In another place Moore concludes:
“Mr. Trump did not give us this. This is a preexisting condition. The Religious Right turns out to be the people the Religious Right warned us about.”
Russell Moore’s personal trajectory of coming of age wary of toxic religiosity is not unlike that of the many people who answer “none” when asked about religious affiliation and are currently reshaping demographers’ views of religious America. But Moore’s escape was ultimately not to secularism, but to a re-envisioned orthodoxy.

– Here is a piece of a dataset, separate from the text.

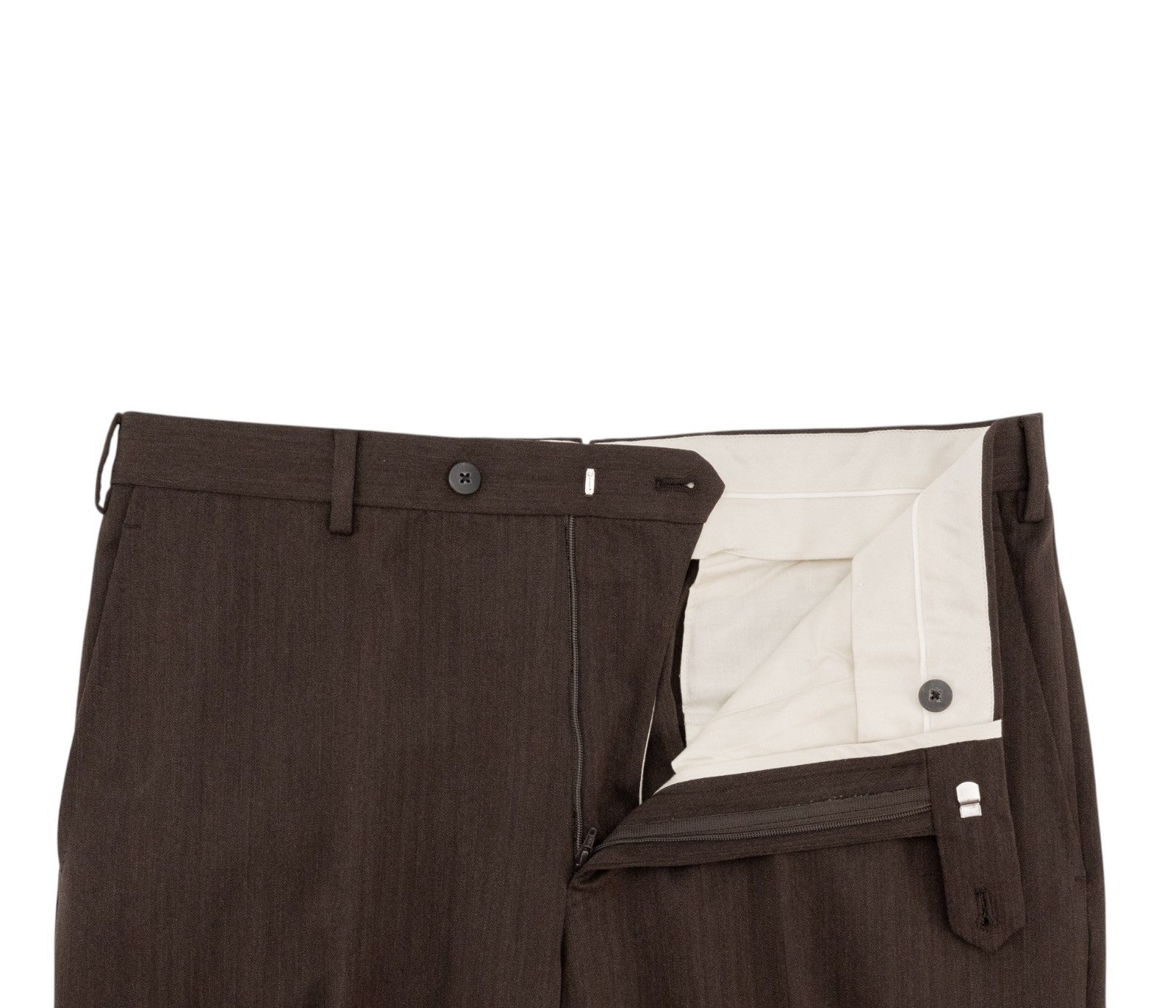 $2400 RAFFAELE CARUSO Brown Suit LORO PIANA Wool 130's Herringbone 40 US / 50 EU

I recognize the longing and hunger for depth that I see all around me and in our media space when Rod Dreher describes his version of this:
“There are more than a few younger Christians (and maybe a few older ones like me) who are ready for something new that is also something old and faithful. Nothing is fresher in the modern world than real orthodoxy.”
There are, to be clear, many ways in our century to investigate and discern and walk this path. I for one am intrigued and gladdened to see the Russell Moores and Rod Drehers of our world making the case for the depths of Christianity in our collective picture. We face many spiritual crises as we prepare to navigate the wreckage of this election after November. We need all the spiritual maturity and wisdom we can muster.